-------- DATASET RECORDS
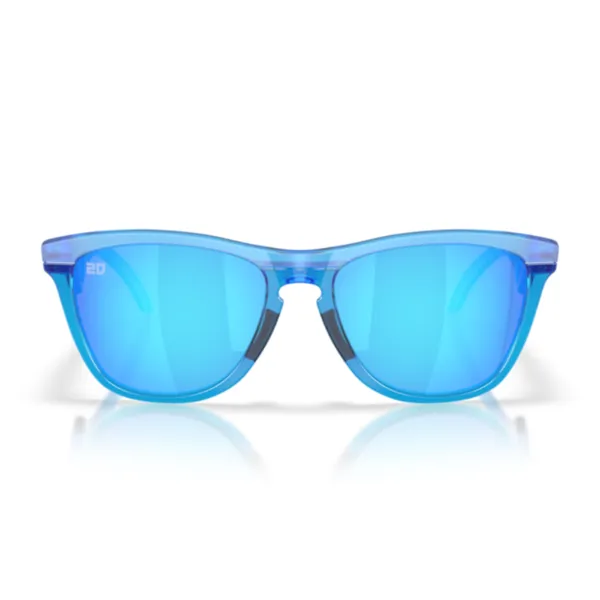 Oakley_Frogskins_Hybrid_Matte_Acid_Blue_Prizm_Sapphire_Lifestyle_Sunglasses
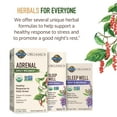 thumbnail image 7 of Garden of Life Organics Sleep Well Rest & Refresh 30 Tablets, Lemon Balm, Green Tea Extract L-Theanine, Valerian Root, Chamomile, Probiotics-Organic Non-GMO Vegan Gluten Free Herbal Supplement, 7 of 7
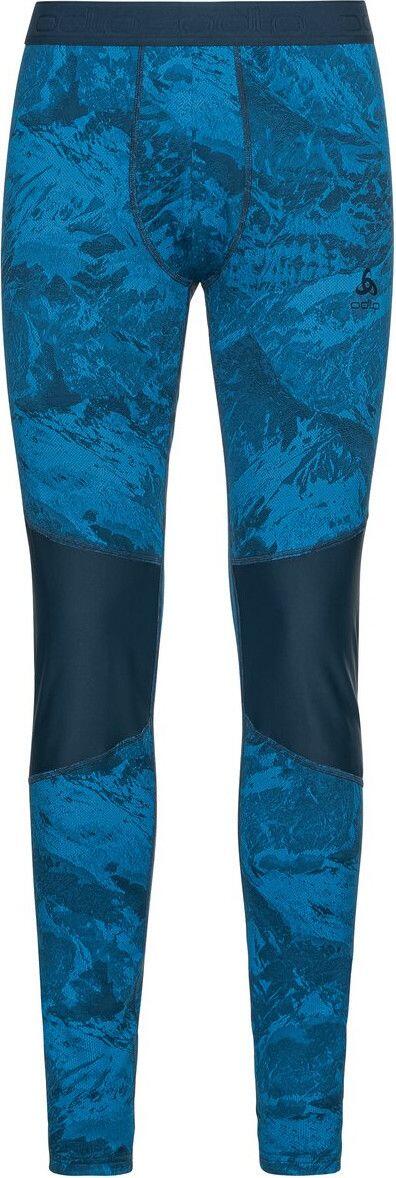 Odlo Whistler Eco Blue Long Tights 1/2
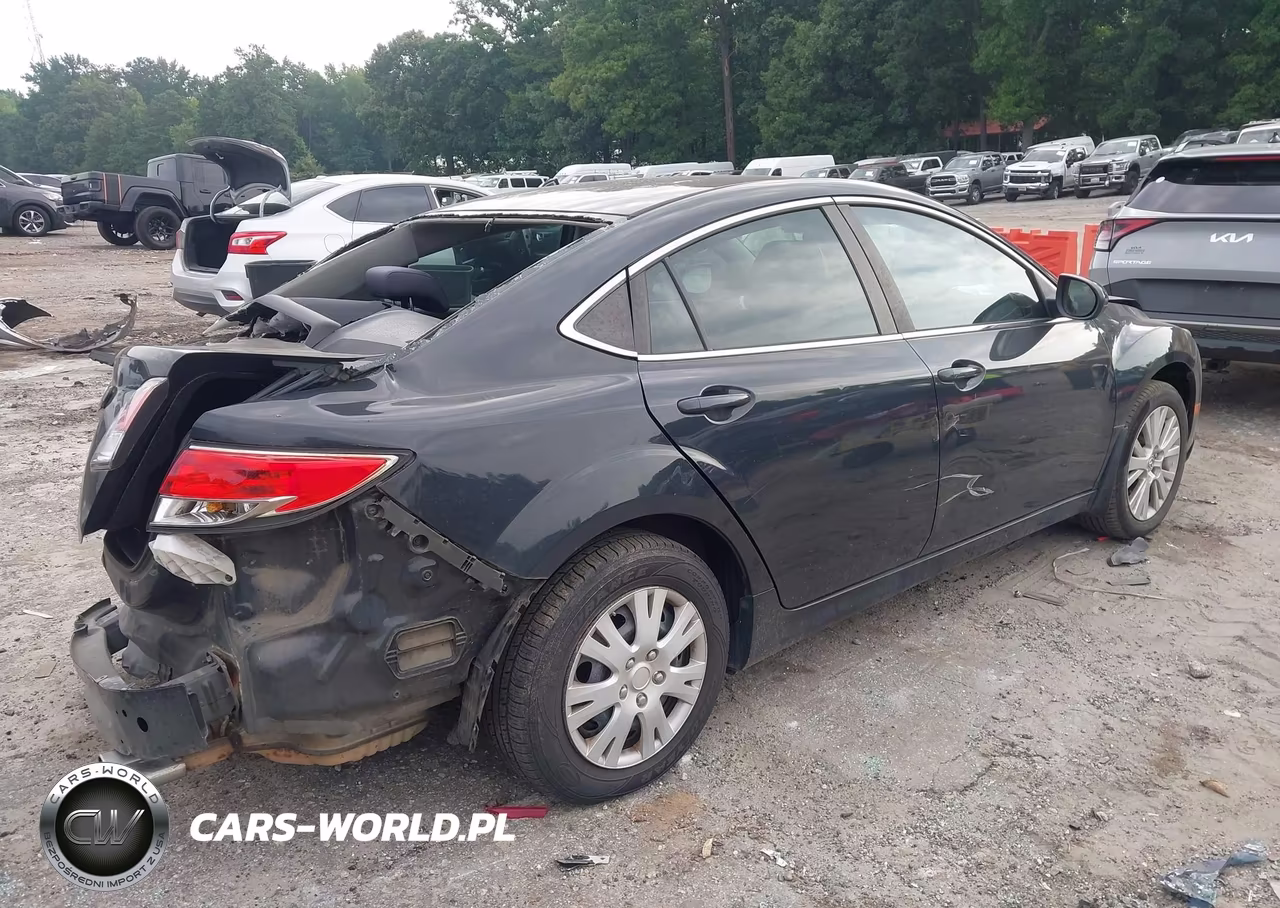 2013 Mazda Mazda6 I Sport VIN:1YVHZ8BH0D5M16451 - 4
----------------
-------- DATASET RECORDS
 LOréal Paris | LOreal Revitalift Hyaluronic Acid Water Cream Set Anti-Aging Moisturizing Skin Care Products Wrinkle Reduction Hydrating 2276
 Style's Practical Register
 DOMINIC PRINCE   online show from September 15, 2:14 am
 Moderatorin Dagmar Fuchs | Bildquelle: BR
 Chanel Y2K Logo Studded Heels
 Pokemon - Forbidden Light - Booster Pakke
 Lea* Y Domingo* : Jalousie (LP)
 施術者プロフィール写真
----------------
DIRECTIONS FOR THIS TASK: Take the entries above and return only the lines from the one with "LOréal Paris |" to the one with "施術者プロフィール写真", both included, unchanged.

TASK SOLUTION:
 LOréal Paris | LOreal Revitalift Hyaluronic Acid Water Cream Set Anti-Aging Moisturizing Skin Care Products Wrinkle Reduction Hydrating 2276
 Style's Practical Register
 DOMINIC PRINCE   online show from September 15, 2:14 am
 Moderatorin Dagmar Fuchs | Bildquelle: BR
 Chanel Y2K Logo Studded Heels
 Pokemon - Forbidden Light - Booster Pakke
 Lea* Y Domingo* : Jalousie (LP)
 施術者プロフィール写真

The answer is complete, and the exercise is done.